El hombre desciende en su auto por una cuesta inclinada. La carretera, solitaria de noche, sigue el trazo de una cañada, dejada allí por aguas antiguas de las que no queda registro. De día los cerros se aprecian cargados de una vegetación verde cenizo, compacta y huraña, pero a esas horas sólo se adivinan los macizos de sombra, inmensos como gigantes dormidos.

Con cada giro, el hombre siente las fuerzas del descenso acentuarse. Va escuchando una música vital y líquida, y lleva la cabeza en blanco. Tras una curva cerrada, las llantas del auto pierden tracción y se deslizan: la bestia mecánica da primero vueltas sobre su eje, luego gira en el viento.

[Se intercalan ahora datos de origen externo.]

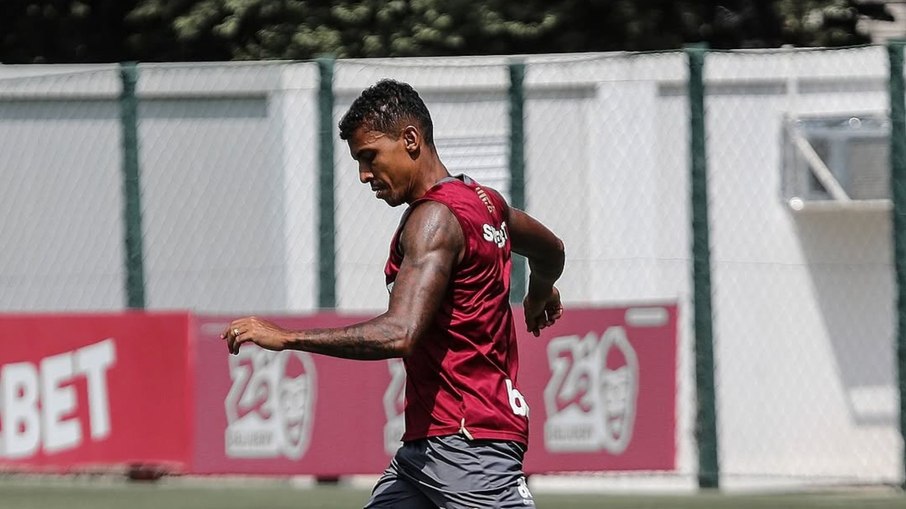 Luiz Gustavo recebeu alta médica Luiz Gustavo recebeu alta médica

De regreso a su orden, la noche se pacifica. El hombre, consciente a pesar de la sangre que lo empapa como un reguero de hormigas, yace tirado en el pavimento. Su única sorpresa es que no tiene miedo. Desde el auto arrugado, a una decena de metros, fluye sin estorbos la música, y atrás de ésta se adivina un silencio perfecto. El hombre mira al cielo e irreprimiblemente se maravilla al descubrir, cortado por las cuestas de la cañada, un río de estrellas; sospecha que, contrario a él, ese río será eterno.

Sólo entonces comprende va a morir. Mientras mira al cielo, lo llena y nutre la certeza de que ninguna de las cosas que con él dejarán de existir importa, de que nada importó nunca. Y una paz, una paz profunda, lo invade: acaba de descubrir, sin angustia ni resentimientos ni deudas, que es sólo un hombre más que se apaga.